:: SUPPLIED DATA
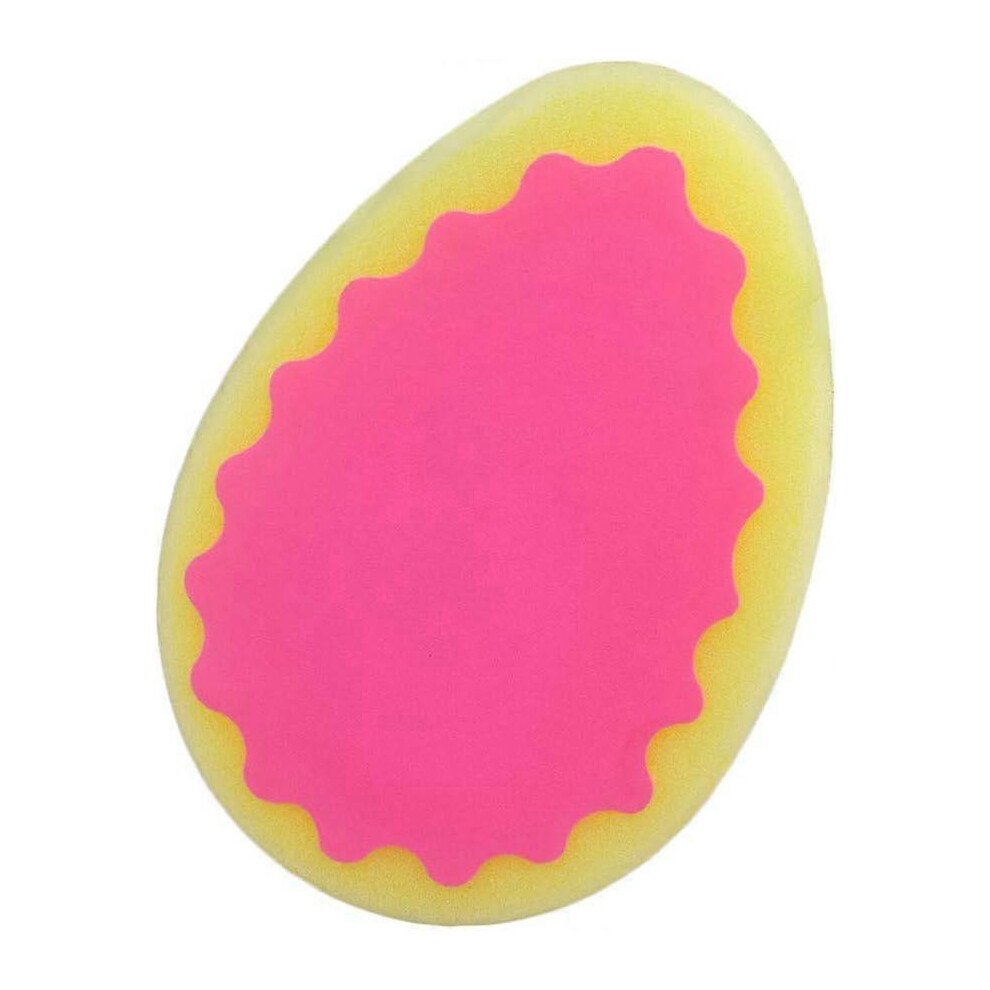(As show, One size) Hair removal sponge hair removal pad Painless hair removal sponge physical hair removal tool for face, leg, arm and body
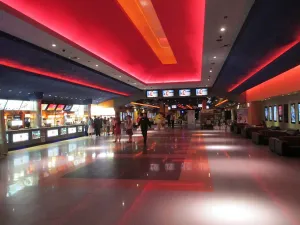 Cinema City Arkadia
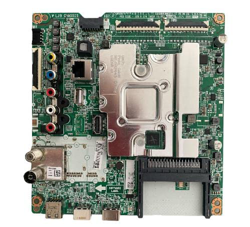 Placa Main LG 43LM6300PLA EAX68253605(1.1) precio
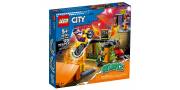 LEGO City Stuntz Park Kaskaderski Zestaw 60293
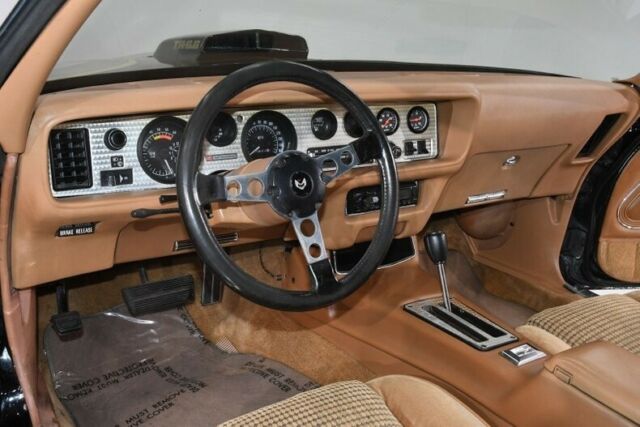 1980 Pontiac Trans Am -- - photo 9
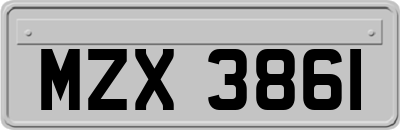 MZX3861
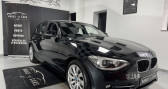 Bmw 118 occasion année 2014 boite Manuelle Annonce Bmw 118 occasion Diesel 118d à Monswiller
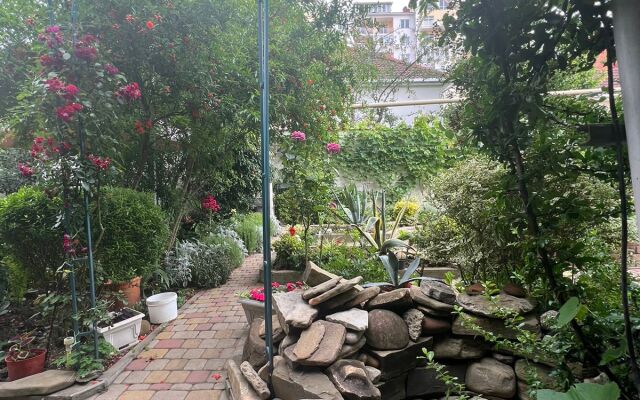 Na Vilyyamsa Guest House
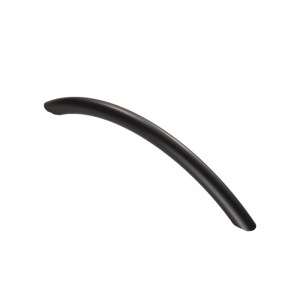 CARLISLE BRASSĀ® Bow Handle 160mm - Black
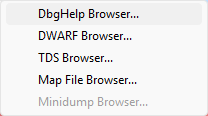MainGuiContextMenuTools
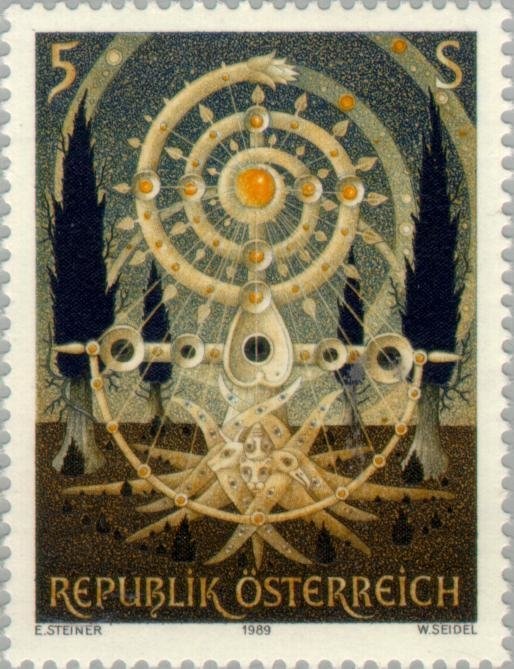 Nordic Skiing WC, Ramsau (Styria)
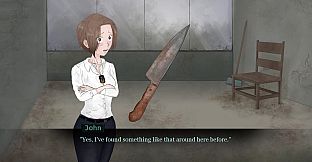Traumatic Syndrome - Investigative Horror Visual Novel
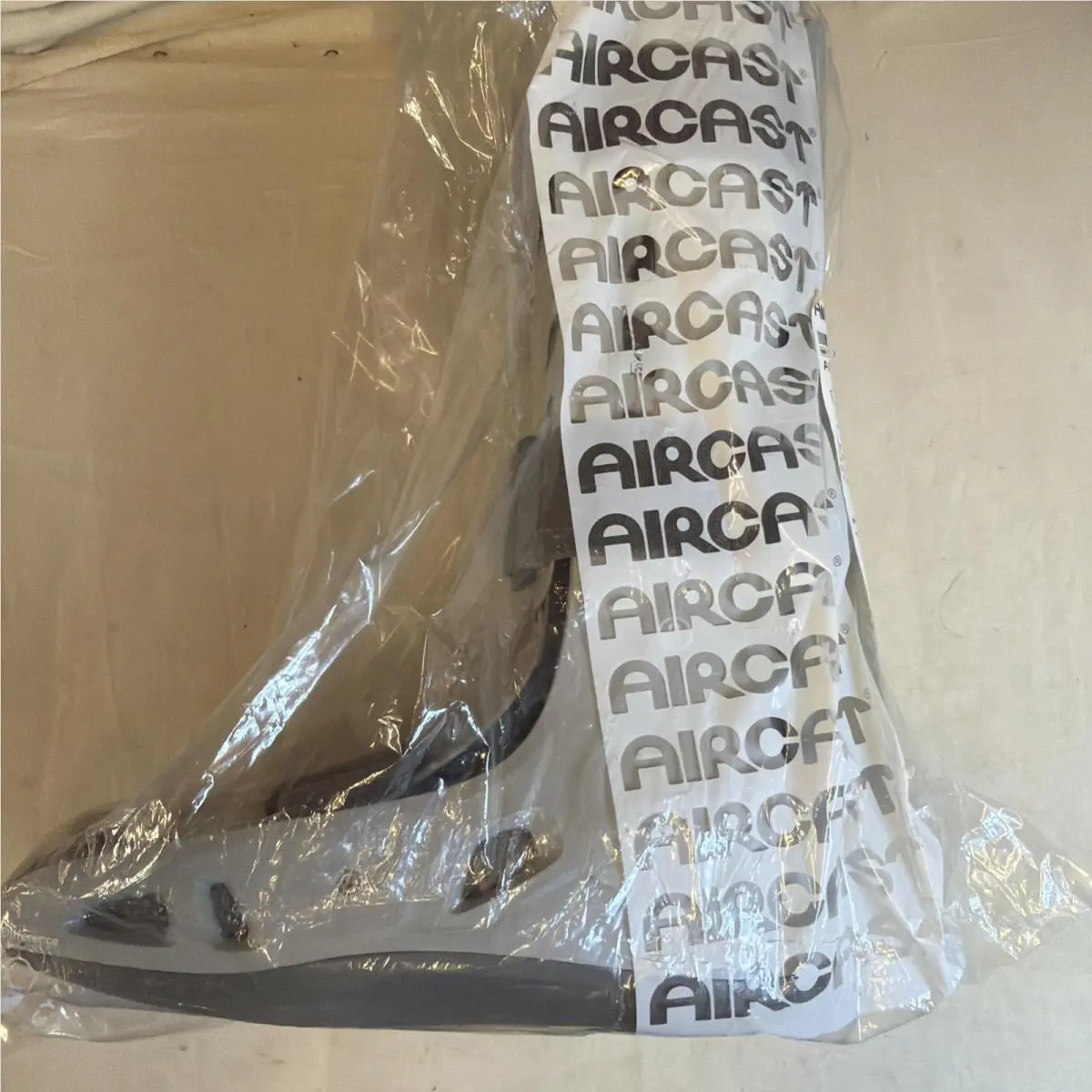 Aircast  - Airselect Walker - Airselect Walker - 01EF-L - Gray 0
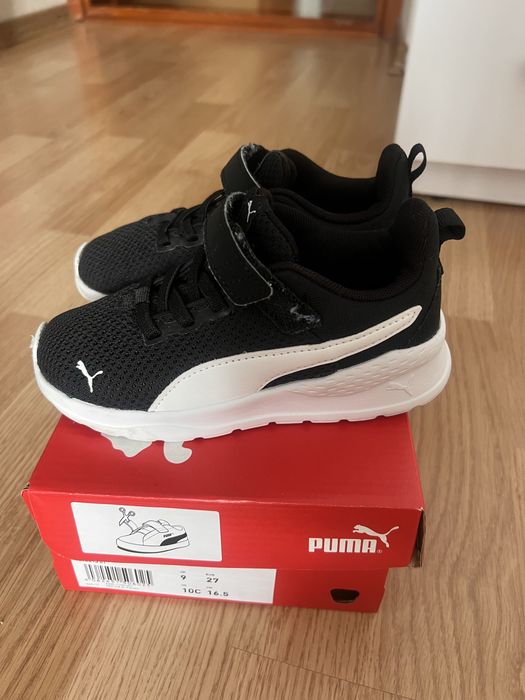 Кросівки Puma оригінал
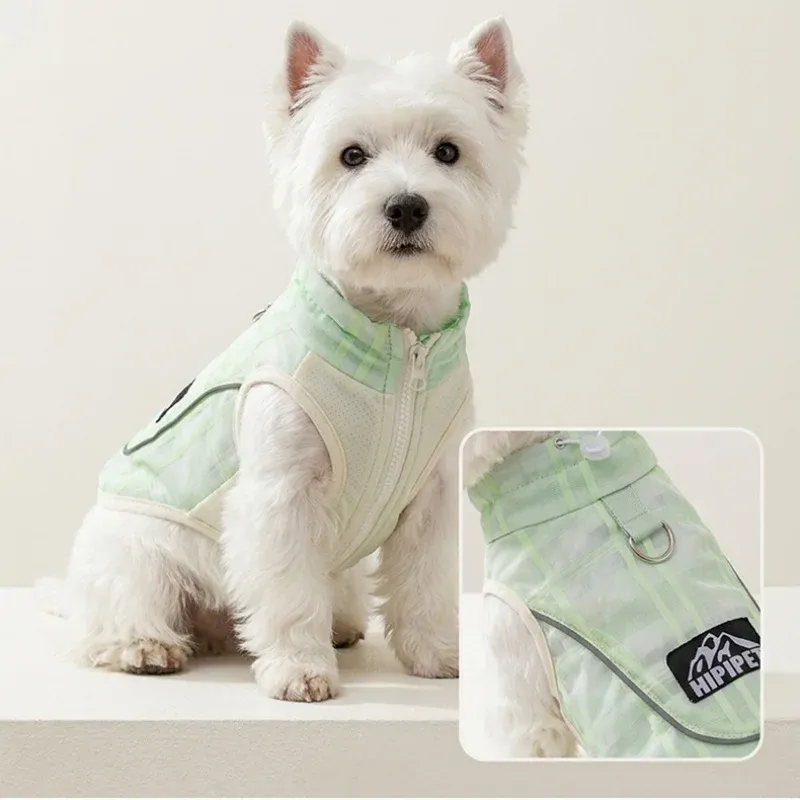 Dog Cooling Vest Harness 3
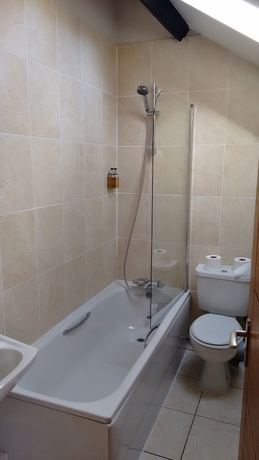 Imagen de la habitación del Hotel Dragon Inn Crickhowell. Foto 16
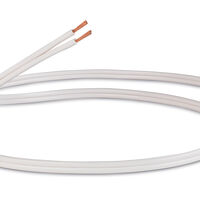 Qed C-79 Classic (biały). Kabel głośnikowy. - 2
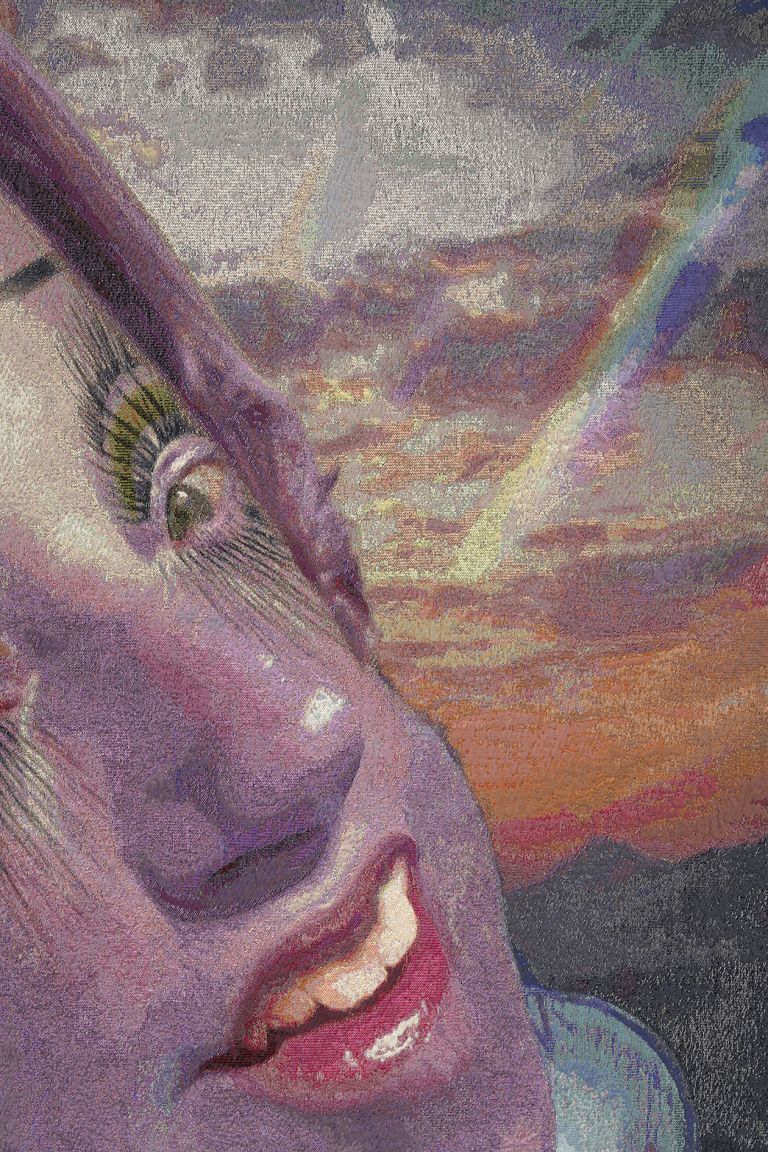 Cindy Sherman
Untitled, 2020 (detail)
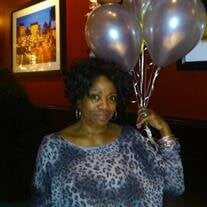 Theresa Jones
::::
Starting at the line above that has "Na Vilyyamsa Guest House" and ending at the line that has "Imagen de la", copy each line exactly, leaving the pictures out and adding nothing.

 Na Vilyyamsa Guest House
 CARLISLE BRASSĀ® Bow Handle 160mm - Black
MainGuiContextMenuTools
 Nordic Skiing WC, Ramsau (Styria)
Traumatic Syndrome - Investigative Horror Visual Novel
 Aircast  - Airselect Walker - Airselect Walker - 01EF-L - Gray 0
 Кросівки Puma оригінал
 Dog Cooling Vest Harness 3
 Imagen de la habitación del Hotel Dragon Inn Crickhowell. Foto 16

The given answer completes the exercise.